EXERCISE INSTRUCTIONS
Give back exactly the stretch of data below from the line holding "Туры в отель Sultan Hotel Туры" through the line holding "Villino a Schiera", both ends included, and leave the remaining lines out.

INPUT RECORDS
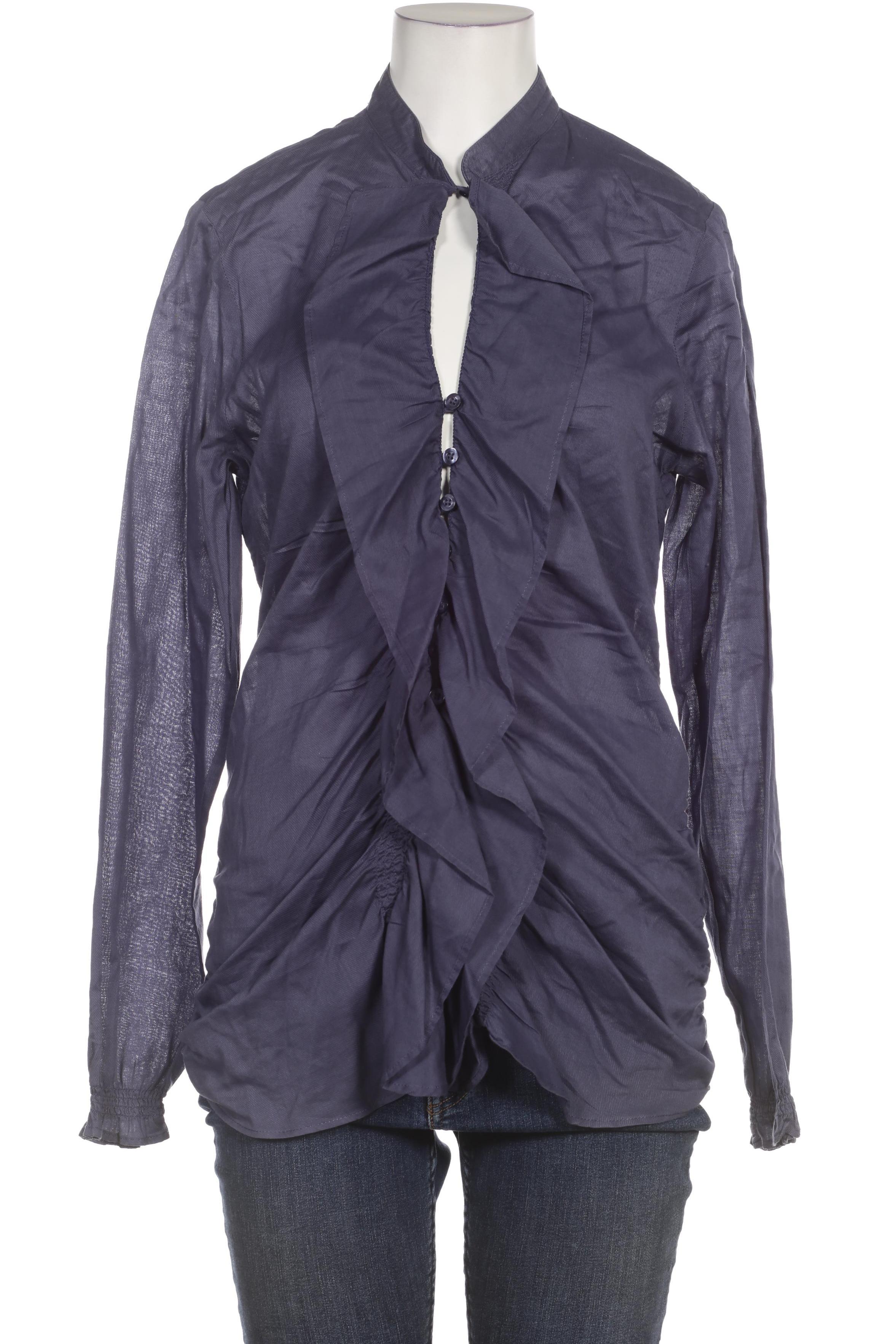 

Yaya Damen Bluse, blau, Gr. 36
...
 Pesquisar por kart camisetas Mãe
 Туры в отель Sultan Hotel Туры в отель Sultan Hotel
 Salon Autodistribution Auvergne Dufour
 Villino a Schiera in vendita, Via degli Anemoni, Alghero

RESULT OF THE EXERCISE
 Туры в отель Sultan Hotel Туры в отель Sultan Hotel
 Salon Autodistribution Auvergne Dufour
 Villino a Schiera in vendita, Via degli Anemoni, Alghero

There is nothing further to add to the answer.